Skenario pertama mengambil cerita tentang seorang anak baru bernama Edward yang berperan sebagai sopir tank, Big Bess. Sebagai seorang yang tidak berpengalaman dalam perang, Edward sering kali kelabakan mengambil keputusan. Namun, Big Bess ada di sana bersama kru lainnya, membantu Edward tetap hidup selama misi berjalan. Lucunya, bukan Edward yang menjadi pusat cerita, Big Bess-lah yang membawa emosi kita bergerak dari marah, gembira, dan sedih. Sebuah tank, benda mati, dan bahkan tidak dapat mengungkapkan ekspresi mampu menarik simpatimu selama bermain di skenario kedua.
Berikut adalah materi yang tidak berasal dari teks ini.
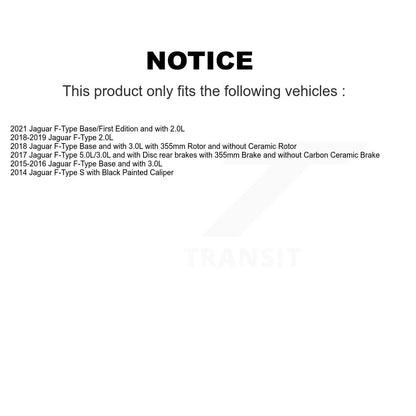 [Avant et Arrière] Capteur usure plaquettes de frein pour Jaguar F-Type KSE-100429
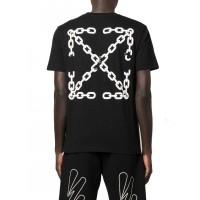 OFF-WHITE Off-White Men Chain Arr Slim S/S Tee Black/White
Selesai dengan Big Bess dan masih membawa duka dari Big Bess, kamu melanjutkan ke skenario berikutnya sebagai seorang pilot pembohong, pemabuk, dan penjudi. Perasaanmu jatuh dari seorang hero yang membawa Big Bess bertahan hingga titik akhir, ke “pecundang” yang kamu sendiri tak tahu, apakah cerita dari mulutnya hanya bualan atau kenyataan. Blackburn adalah nama pilot itu, ceritanya terlampau indah untuk pilot di perang dunia 1. Ia membawa temannya yang terluka berat sendirian sepanjang garis depan musuh tanpa mengalami luka sedikitpun, menerbangkan pesawat lalu tidak sengaja mengetahui base vital musuh, dan menyelamatkan London dari Zeppeline. Kenapa kamu bisa saja menganggap ia berbohong selama bermain? Bukannya kisah heroik seperti ini biasa di Battlefield 4? Untuk petunjuk jawabannya, kami kutip monolog penutup Blackburn sesaat setelah jatuh dari ratusan kilometer di atas sungai, “What you heard from me is the truth. I wouldn‘t tell you if it wasn‘t. Would I?”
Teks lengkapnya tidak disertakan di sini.